Brandenburger Ministerin nahm Benziner des Staatssekretärs: Nonnemacher soll sich in Ausschuss zu Vorwürfen wegen Dienstwagen-Nutzung äußern

Die Opposition ist empört: Brandenburgs Gesundheitsministerin nutzte den Benziner des Staatssekretärs statt ihres E-Dienstwagens.

Ausgerechnet eine Ministerin der Brandenburger Grünen soll in eine Dienstwagenaffäre verwickelt sein. Gesundheitsminister Ursula Nonnemacher soll gegen die Dienstwagenrichtlinie des Landes Brandenburg verstoßen haben. Statt ihres Elektro-Audis hat sie den VW Passat Business, ein Benziner, ihres Staatssekretärs Michael Ranft (parteilos) gefahren – das wäre ein klarer Verstoß gegen die geltenden Regeln.

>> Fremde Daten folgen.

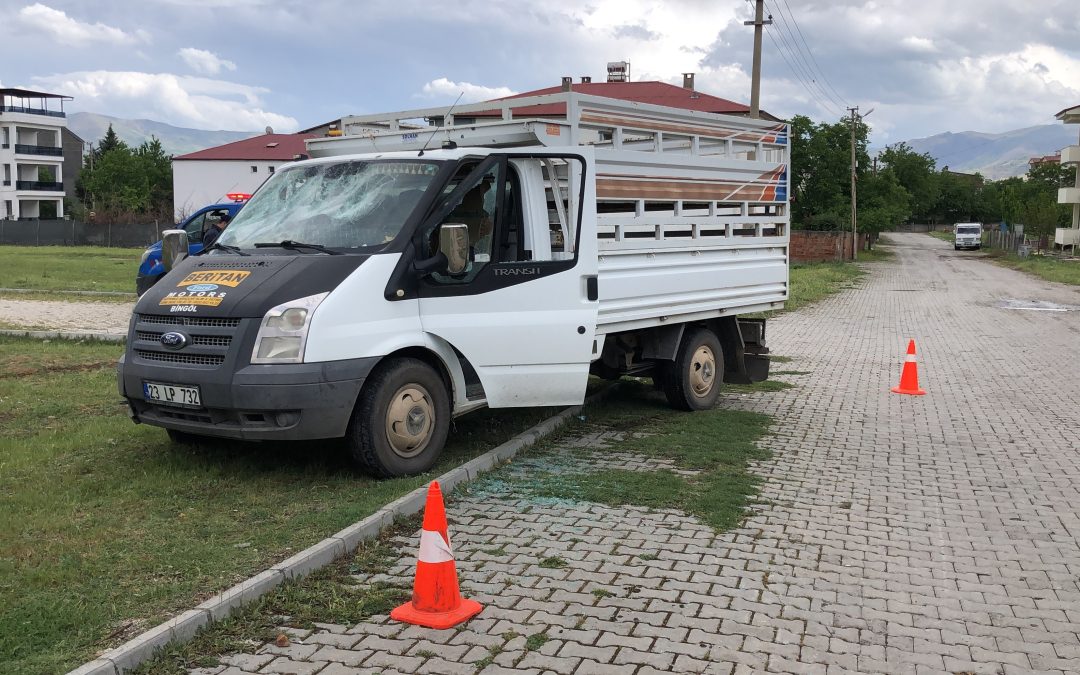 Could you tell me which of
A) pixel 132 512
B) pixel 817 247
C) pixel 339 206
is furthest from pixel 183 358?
pixel 817 247

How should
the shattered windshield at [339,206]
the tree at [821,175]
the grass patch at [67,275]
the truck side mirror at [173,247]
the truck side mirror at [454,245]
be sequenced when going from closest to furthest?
1. the truck side mirror at [454,245]
2. the shattered windshield at [339,206]
3. the truck side mirror at [173,247]
4. the grass patch at [67,275]
5. the tree at [821,175]

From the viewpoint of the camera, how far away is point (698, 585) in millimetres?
5023

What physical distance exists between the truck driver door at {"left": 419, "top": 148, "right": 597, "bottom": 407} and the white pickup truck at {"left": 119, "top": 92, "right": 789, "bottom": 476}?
1cm

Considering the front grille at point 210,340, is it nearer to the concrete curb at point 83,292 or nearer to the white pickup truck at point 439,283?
the white pickup truck at point 439,283

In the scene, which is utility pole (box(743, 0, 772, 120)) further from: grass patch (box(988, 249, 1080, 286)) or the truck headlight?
the truck headlight

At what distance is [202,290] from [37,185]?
8815 centimetres

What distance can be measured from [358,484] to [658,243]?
11.8 ft

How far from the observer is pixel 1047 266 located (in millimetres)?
47219

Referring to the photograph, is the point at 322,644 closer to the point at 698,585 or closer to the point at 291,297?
the point at 698,585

Ein Ministeriumssprecher bestätigte einen entsprechenden Bericht der „B.Z.“. Am Mittwoch soll sich Nonnemacher in einer Sondersitzung des Gesundheitsausschusses des Landtags zu den Vorwürfen äußern, die Linksfraktion hat zudem Akteneinsicht in die Fahrtenbücher beantragt. Fraktionschef Sebastian Walter forderte lückenlose Aufklärung und sprach von schweren Vorwürfen. „Das Ministeramt darf nicht beschädigt werden“, sagte er. „Nonnenmacher und ihr Staatssekretär haben sich über die Dienstwagenrichtlinie hinweggesetzt. Hier hat wohl das grüne Prestige über die Einhaltung des Rechts gesiegt.“

Dienstwagen für Brandenburger Regierungsmitglieder und Staatssekretäre sind personengebunden, nur sie dürfen den ihnen zugewiesenen Wagen samt bestelltem Kraftfahrer uneingeschränkt dienstlich und privat nutzen - es sei denn, der Wagen ist in der Werkstatt. Doch bei Nonnemacher war es die reine Sorge vor der Reichweite ihres Elektroautos, wie das Ministerium selbst zugibt.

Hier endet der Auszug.